Cuba begins clinical trials of a COVID-19 vaccine

Cuba has begun clinical trials of a potential coronavirus vaccine known as Soberana 01.

Granma, the official voice of Cuba’s Communist Party, reported in late August that the country’s overall biotech and pharmamanagement group BioCubaFarma has received permission from the country’s regulatory authorities to begin clinical trials of the candidate vaccine. The group said that it was ‘capable of producing a strong immune reaction to a SARS-COV-2 infection’ (COVID-19).

BioCubaFarma separately reported that an industrial production strategy is being developed to build capacity with the goal of ‘having available the millions of doses needed to protect our population’ once the studies are concluded.

BioCubaFarma said that, working together, Cuban institutes and universities had ‘satisfactorily concluded the drug’s development stage and pre-clinical studies on animals, producing the scientific findings required to support authorisation, by Cuba’s Centre for State Control of Medications, Medical Equipment and Devices (Cecmed), to conduct clinical trials’.

Initially identified as FINLAY-FR-1, the vaccine project is being led by the Finlay Vaccine Institute and the Centre for Molecular Immunology working with the University of Havana’s Chemical and Biomolecular Synthesis Laboratory. The clinical trial phases will be followed by other clinical studies before the vaccine is considered ready for use.

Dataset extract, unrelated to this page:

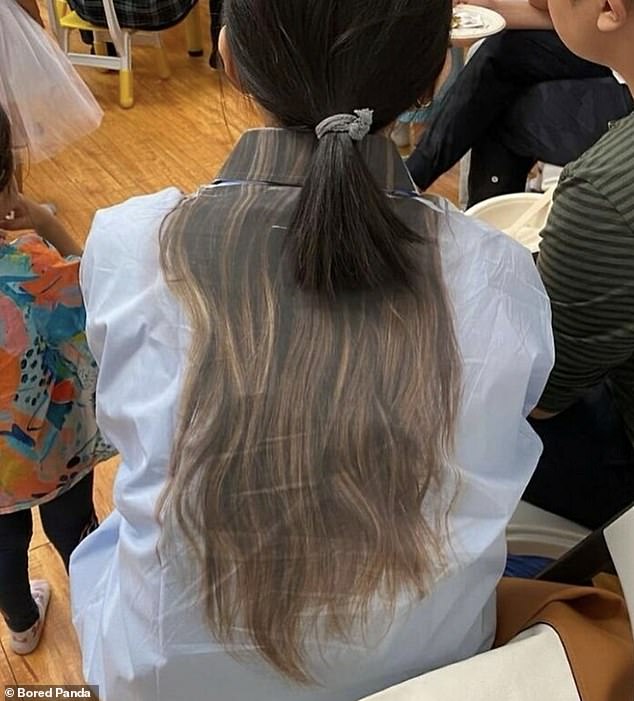 A young girl had fake hair printed on the back of her shirt - which looks like her own hair until you notice her little ponytail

The official announcement indicated that the Finlay Institute had gained invaluable experience from having accumulated research over thirty years in other epidemics, and specifically in the meningitis epidemic in the 1980s.

Soberana 01 has reportedly already been tested on the three Cuban scientists who developed the candidate vaccine. All reportedly developed ‘a high immune response’ which was confirmed after a second dose was applied.

Cuba’s candidate vaccine is the thirtieth internationally, and the first in Latin America and the Caribbean, to receive authorisation for clinical trials among the more than 200 under development globally.